School District’s Lobbyist Recounts Wins And Losses In Tallahassee

Palm Beach County School District lobbyist Vern Pickup-Crawford reported Monday to the Royal Palm Beach Education Advisory Board on successes and failures as they relate to education during the recent legislative session in Tallahassee.

“The legislature adjourned on May 2. Your property, your spouse, is now safe for another nine-and-a-half months before they go back into session next year,” Pickup-Crawford said. “The overriding issue we really had this time, and this being an election year, really was the election. Most of what was done for education, and for almost every other function of the state, had some ramification in terms of the election coming up.”

He said the school district had some success getting time to transition to new school accountability requirements.

“We were really pushing to have a three-year transition to meet the changes that are going to occur in state assessment and testing,” Pickup-Crawford said, explaining that the state gave school districts a one-year pass before it uses state data to determine school financing. “School grades will continue on, but they know and we know that school grades are probably not going to have as much meaning as they have in the past.”

A new “FCAT 2.0” testing used this year measured last year’s standards rather than this year’s, he explained.

“Next year, we are going to a new exam,” Pickup-Crawford said. “We don’t know what it will look like. It is being field-tested in the State of Utah, which is interesting, but it will be done roughly in April or May.”

The results will not be out until November 2015, which is nine weeks into the following school session. “School grades will be either not measuring what we’re teaching this year, or next year they’re going to come out nine weeks into the following year, but the school grades are not going away,” he said.

As for capital outlays, the school district will receive about $3 million toward school maintenance and repairs for the first time in four years, out of a total $50 million appropriation.

“We’ve had to bear the cost of that locally since 2009-10,” Pickup-Crawford said. “This time the state is getting back into the game, and it will provide a little bit of relief.”

The school district lobbied unsuccessfully to get money for a sixth period.

Attempts to get more fiscal accountability for charter schools also met with no success.

“At the beginning of this fiscal year, the school board was faced with having to close down, on an emergency basis, a couple of charter schools, partly for financial reasons,” he said. “Parents get very upset about that. All we were looking for was some assurance. We will probably come back to that next year.”

The school district was also unsuccessful in getting financing and flexibility for school districts to provide proper psychological and sociological assistance to students, and to provide parenting skills for parents.

“Unfortunately, we did not get any increase in the Safe Schools appropriation,” Pickup-Crawford said. “That amount still remains at what it was in 2007 statewide. That is one issue we want to try to pursue again next year.”

Equally important to what did pass was what did not pass. “This is where we play defense a lot,” he said.

One item that died in the State Senate was charter school legislation that would have created a mandatory standard contract and expanded corporate charter systems substantially, he said, explaining that they wanted to be sure that there were provisions in those schools for students with special needs and students with disabilities.
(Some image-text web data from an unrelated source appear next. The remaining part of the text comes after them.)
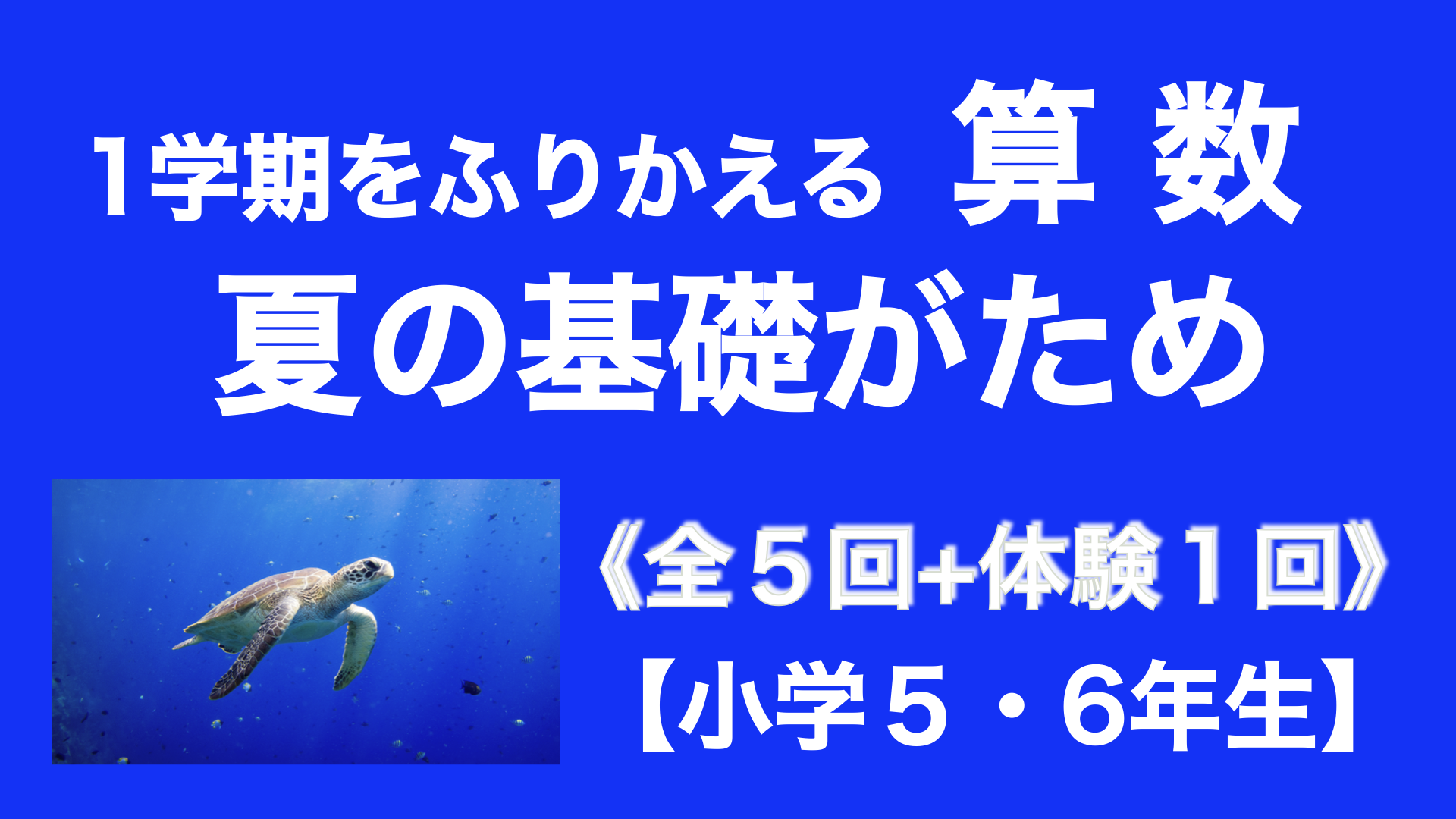 1学期を振り返る算数 夏の基礎がため🍉 | 算数 | オンライン家庭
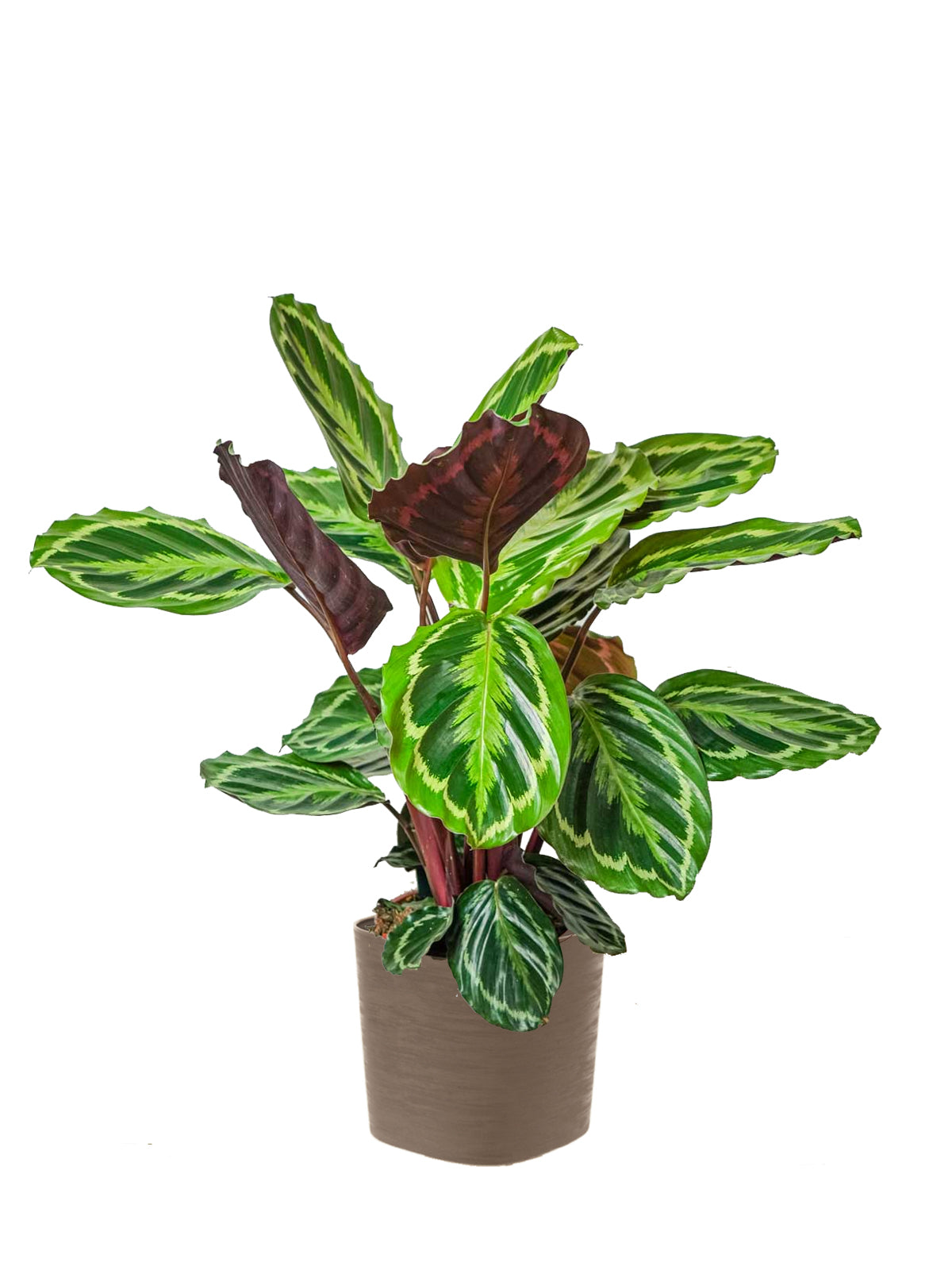 Calathea grande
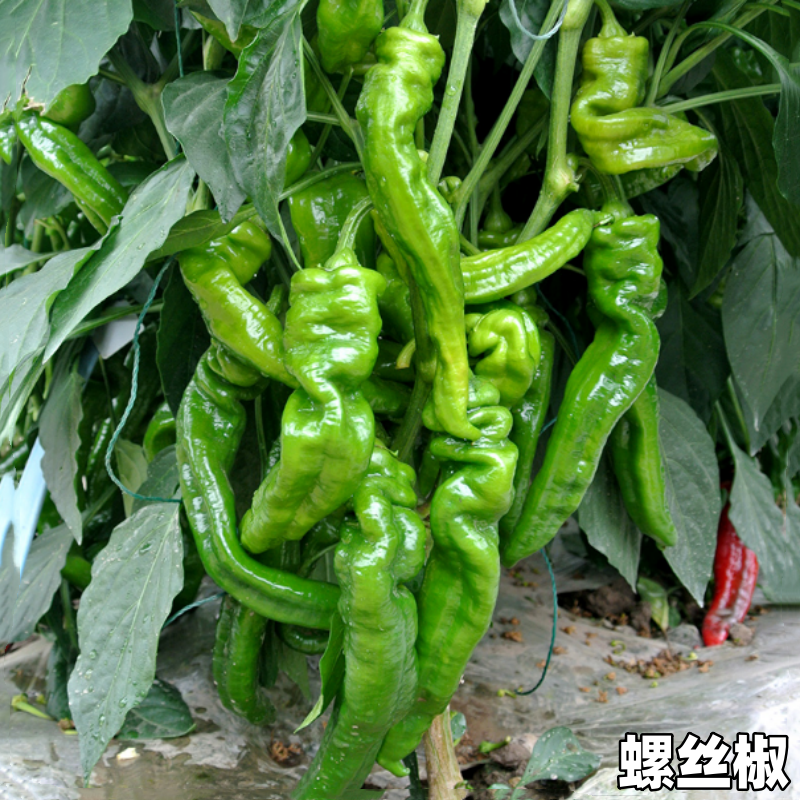 蔬菜苗辣椒苗薄皮青椒螺丝椒甜椒苗茄子圣女果苗番茄各种蔬菜幼苗,淘宝优惠券,粉丝福利购,淘宝优惠卷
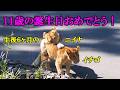 イチゴ、ニイナ 11歳の誕生日おめでとう! Happy 11th birthday,Ichigo and Niina! Lion(ライオン) 多摩動物公園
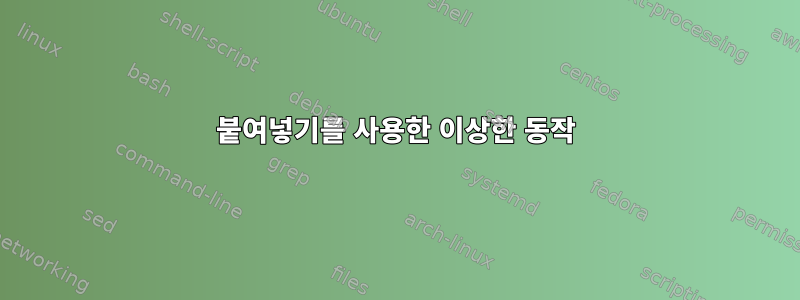 붙여넣기를 사용한 이상한 동작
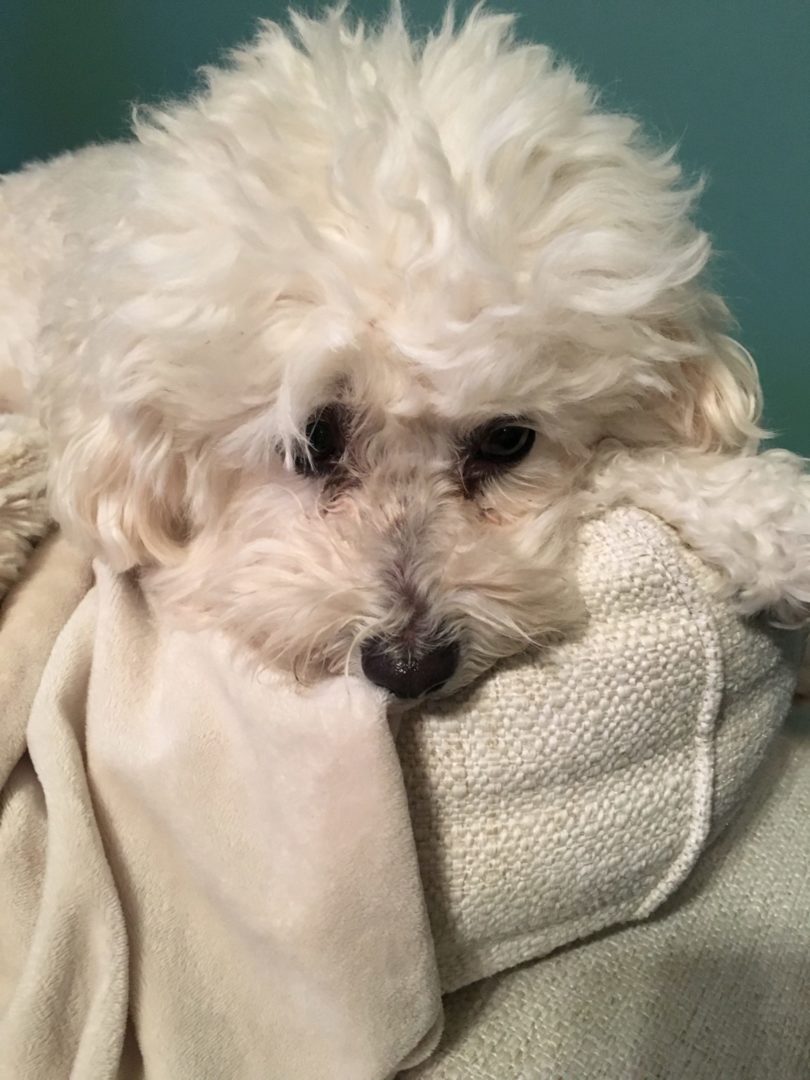Picture of dog Ava with her head on a pillow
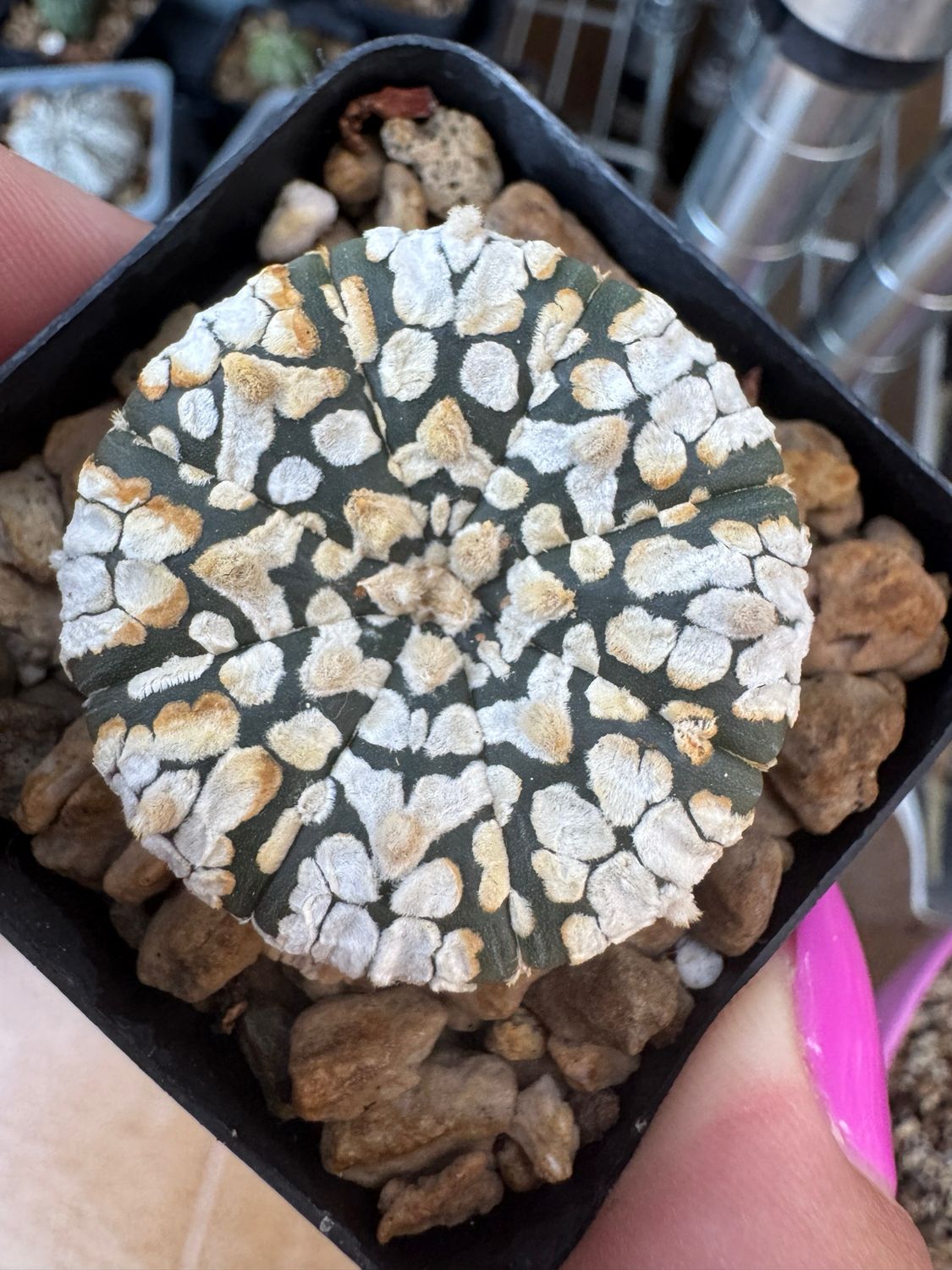 Astrophytum Asterias Superkabuto v tipe snow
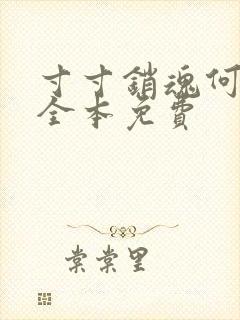 寸寸销魂何生祥全本免费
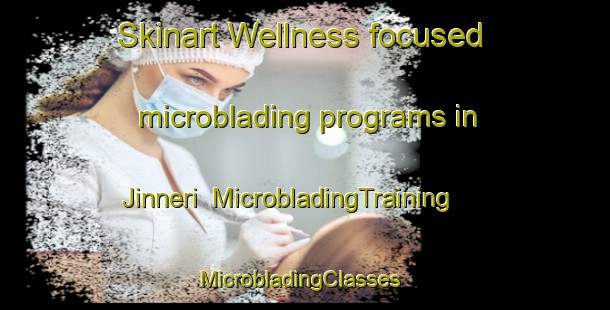 Skinart Wellness-focused microblading programs in Jinneri | MicrobladingTraining | MicrobladingClasses | SkinartTraining-Nigeria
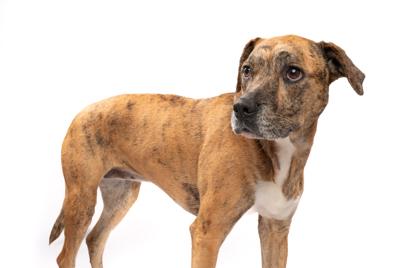Harley, a Adoptable mixed breed in Fort Worth, TX image 2/3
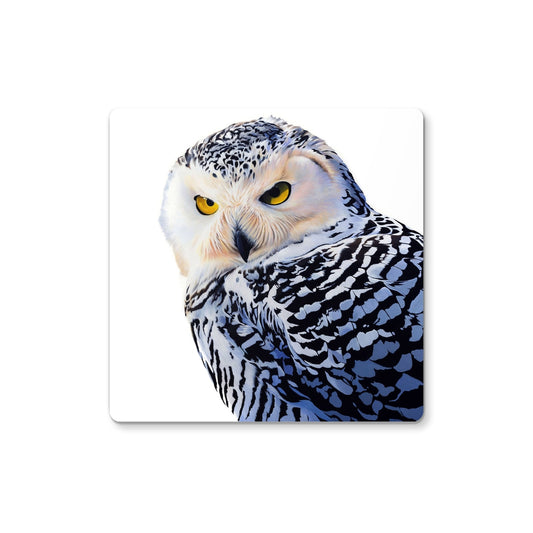Snowy Owl Coaster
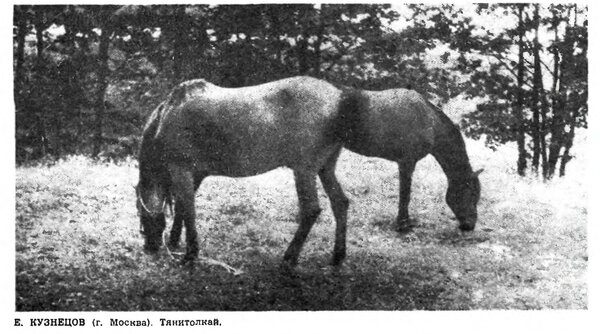 Смешные фото из СССР 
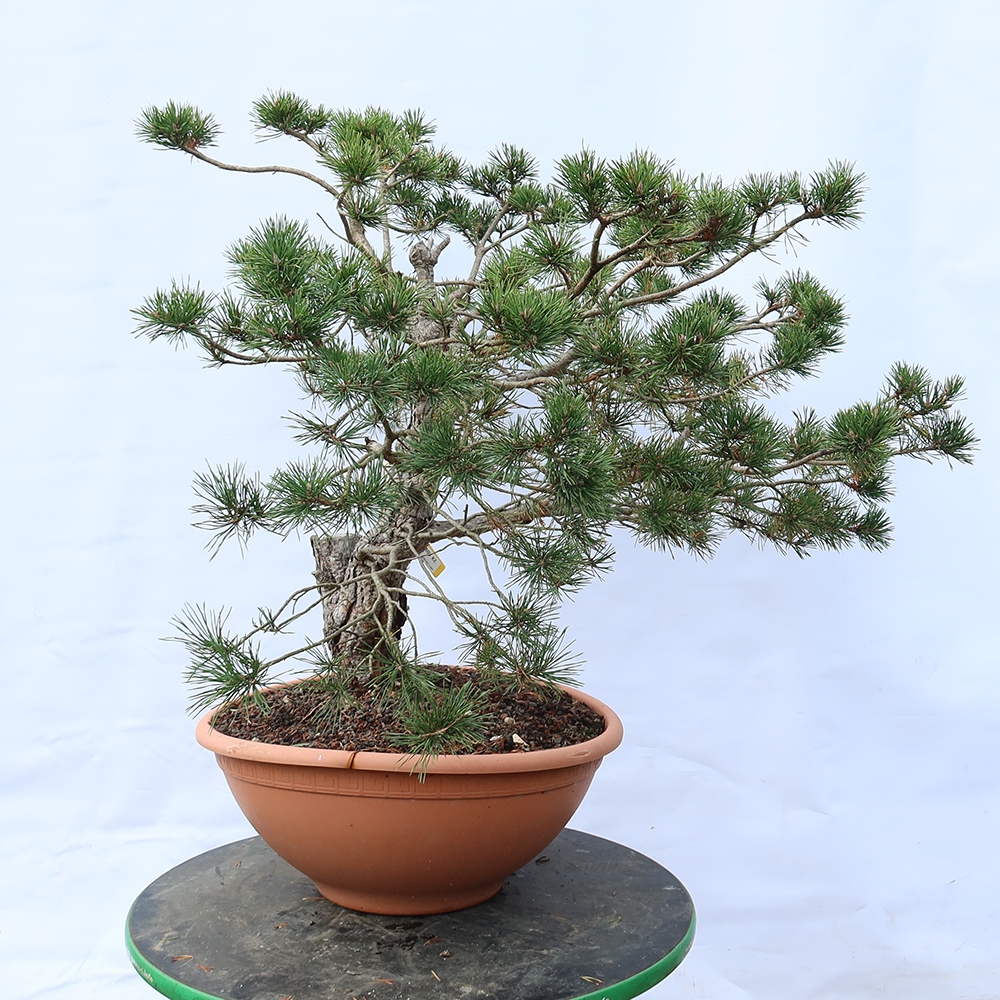 Pinus sylvestris Spanje - grove den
“Again, we had fiscal concerns about making sure that they had money in the bank,” Pickup-Crawford said. “The other part of it was this particular bill took on a life of its own. It wound up almost pitting the large charter corporate companies, the for-profit companies, against the independent individual charter schools, because it favored expansion of the large corporate charters coming in from out of state.”

So-called “pack and carry” legislation authorizing a designated person to carry a concealed weapon and use it in a police action or shooting on campus also did not pass.

“We argued vociferously against that legislation,” Pickup-Crawford said. “We’ve got a very good relationship with our police departments, whether it’s the municipal police departments or the school police itself.”

He added that there are some rural districts that don’t have school police, where such a policy might be warranted.